(Records for this task)

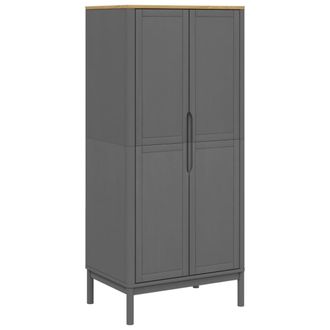 vidaXL Armario Floro Madera Maciza De Pino Gris 77x53x171 Cm Vidaxl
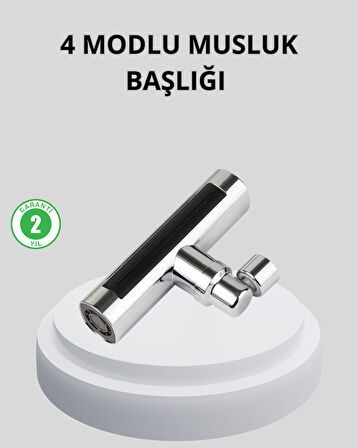 360° Dönebilen Musluk Başlığı 4 Fonksiyonlu Su Tasarruflu ve Dayanıklı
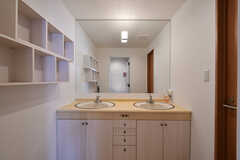 洗面台の様子。女性専用エリアです。(2022-01-07,共用部,WASHSTAND,2F)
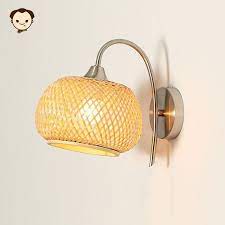 Bamboo Wicker Rattan Fruit Shade Wall Light Fixture Rustic Sconce Lamp Bedroom Sconce Lamp Bedroom Lamps Rustic Sconces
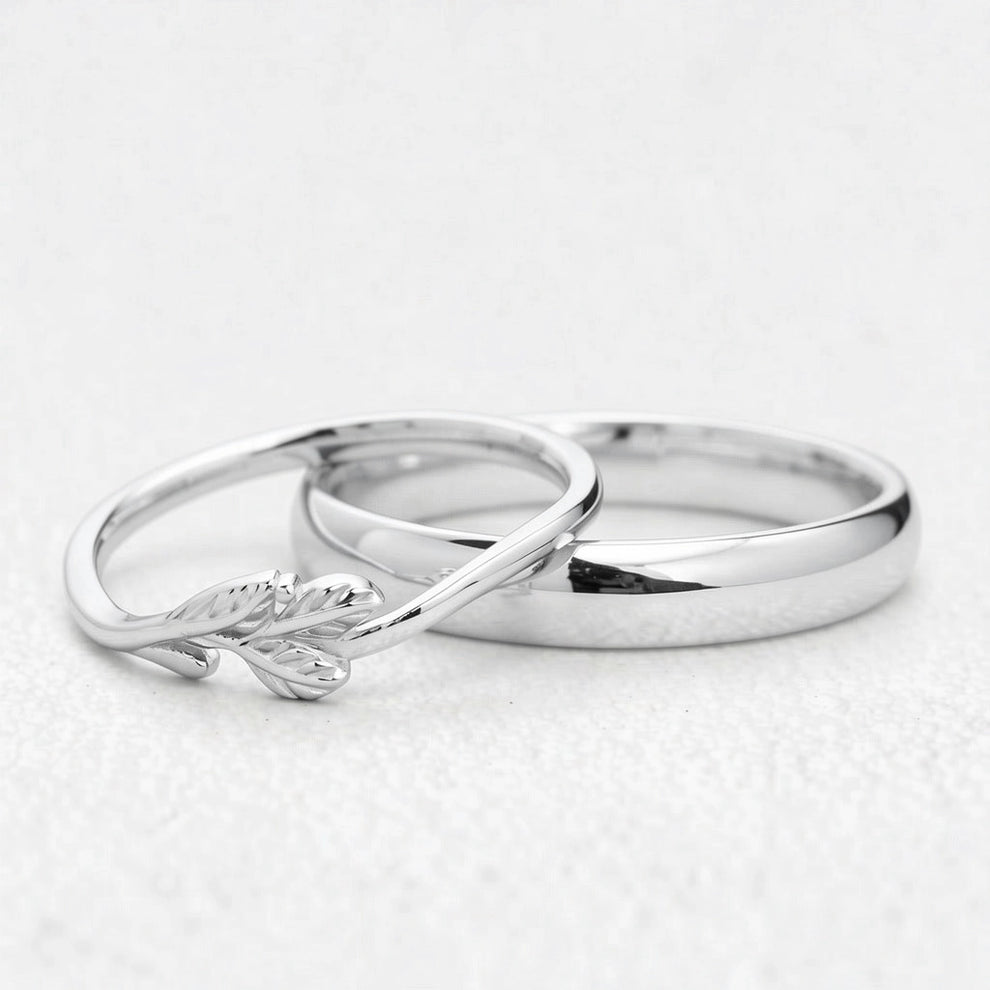 The Minimalist Pair – Classic & Leaf Designs in Polished Wedding Bands.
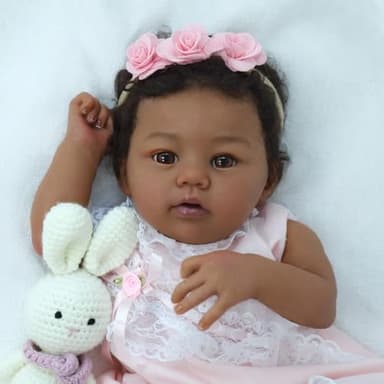 KSBD Reborn Baby Doll Black Girl – 18-Inch Realistic Lifelike African American Newborn Handmade Doll with Real Life Soft Weighted Body and Accessories – Gift for Kids Ages 3 and Up - Image 3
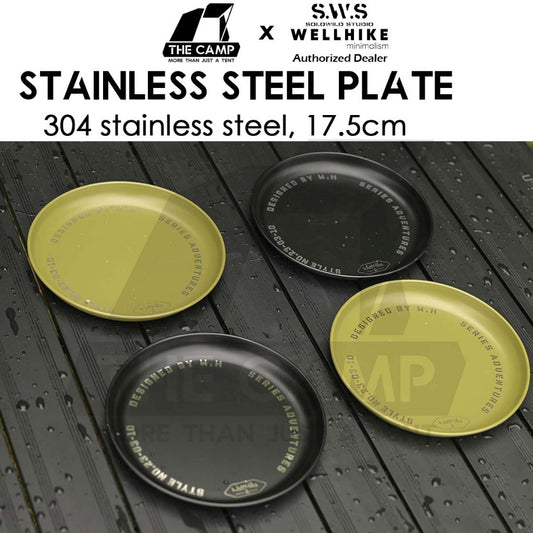 Wellhike SWS Stainless Steel Plate 304 Outdoor Camping Tableware Cookware Cup Sierra Fork Spoon Kettle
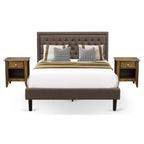 East West Furniture KD18Q-2GA08 3 Piece Queen Bedroom Set - 1 Platform Bed Brown Linen Fabric Padded and Button Tufted Headboard with 2 nightstands Bedroom - Antique Walnut Finish Nightstand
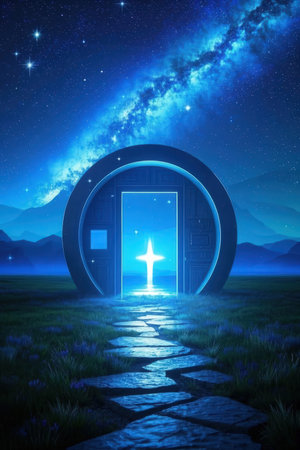 Open door in the night sky with stars and moon. 3d renderingの素材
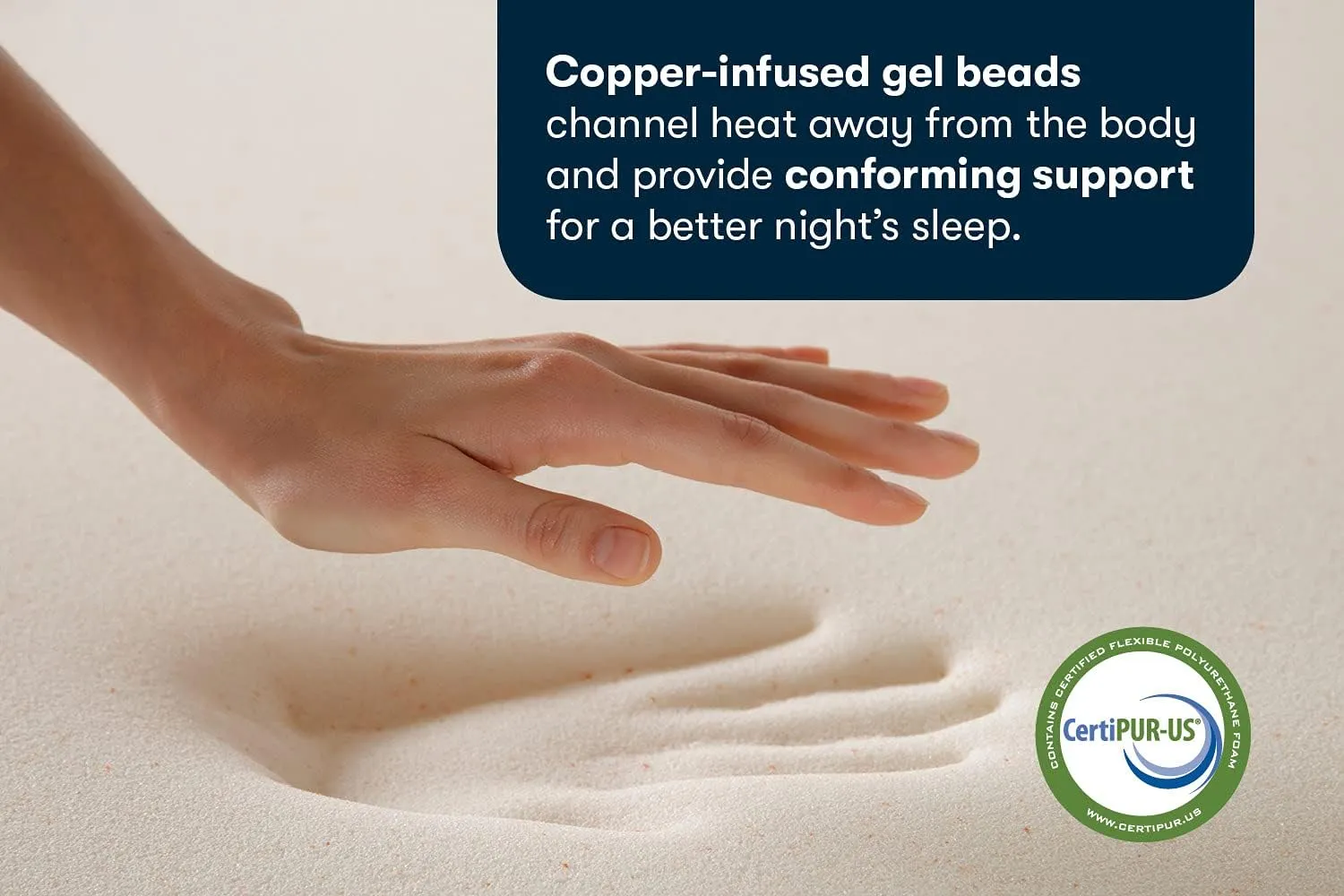 Serta CopperGel Cooling, Pressure-Relieving Memory Foam Mattress Topper, 2 Inch, California King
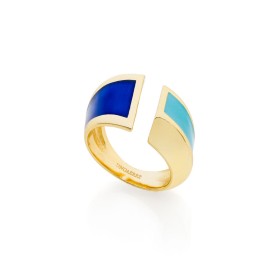 Anello Unoaerre Smalto Azzurro Bronzo Dorato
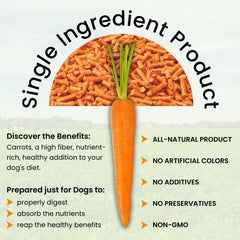Olewo Original Carrots for Dogs close-up texture emphasizes fiber for regular gut function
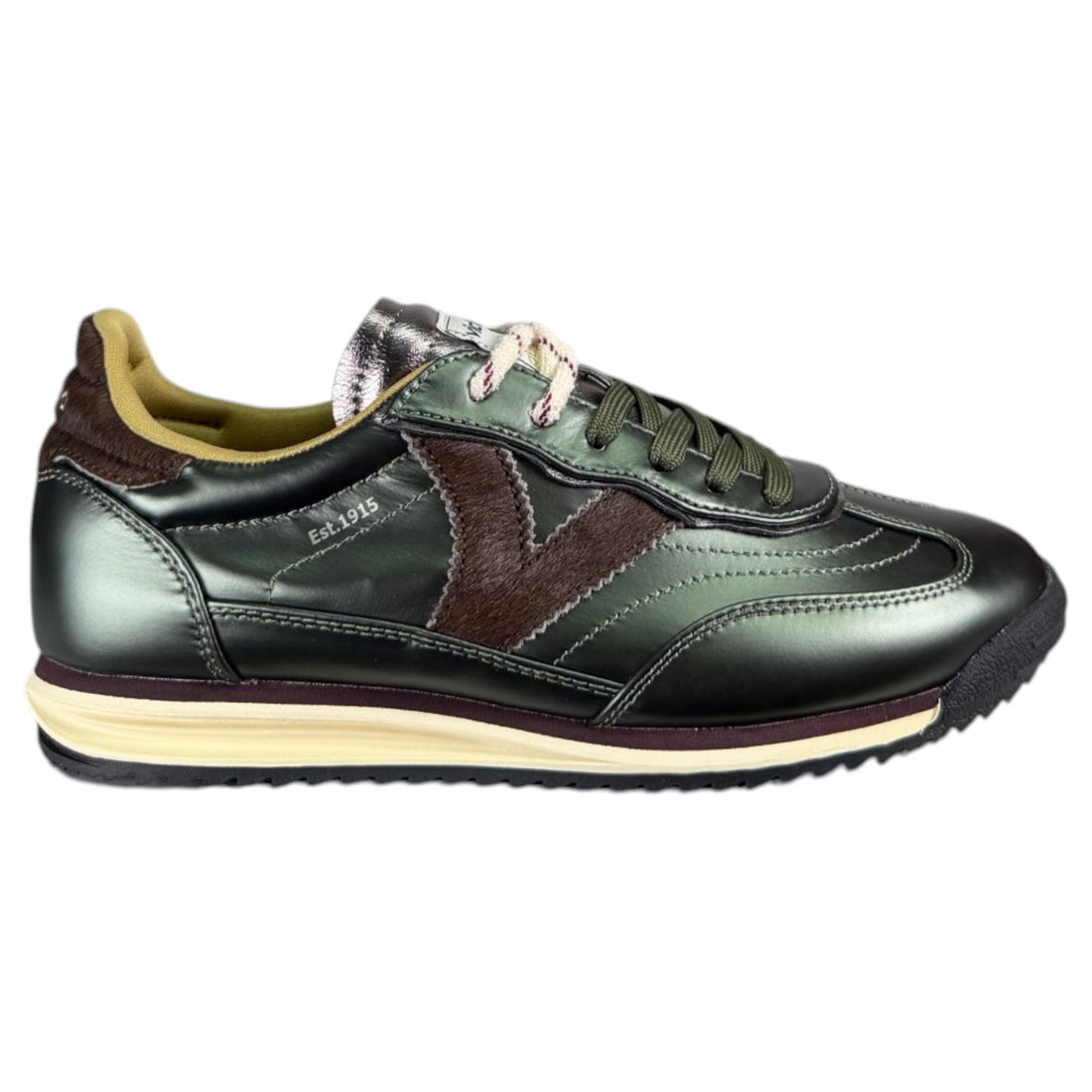Zapatillas Victoria Saturno Metal y Serraje 1158117 Kaki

(End Records for this task)

▶ Task objective: Pictures should not appear in the copy. Write out exactly the lines above from the first one through the line that contains "East West Furniture".

▶ Reply to the task:
 vidaXL Armario Floro Madera Maciza De Pino Gris 77x53x171 Cm Vidaxl
 360° Dönebilen Musluk Başlığı 4 Fonksiyonlu Su Tasarruflu ve Dayanıklı
 洗面台の様子。女性専用エリアです。(2022-01-07,共用部,WASHSTAND,2F)
 Bamboo Wicker Rattan Fruit Shade Wall Light Fixture Rustic Sconce Lamp Bedroom Sconce Lamp Bedroom Lamps Rustic Sconces
 The Minimalist Pair – Classic & Leaf Designs in Polished Wedding Bands.
 KSBD Reborn Baby Doll Black Girl – 18-Inch Realistic Lifelike African American Newborn Handmade Doll with Real Life Soft Weighted Body and Accessories – Gift for Kids Ages 3 and Up - Image 3
 Wellhike SWS Stainless Steel Plate 304 Outdoor Camping Tableware Cookware Cup Sierra Fork Spoon Kettle
 East West Furniture KD18Q-2GA08 3 Piece Queen Bedroom Set - 1 Platform Bed Brown Linen Fabric Padded and Button Tufted Headboard with 2 nightstands Bedroom - Antique Walnut Finish Nightstand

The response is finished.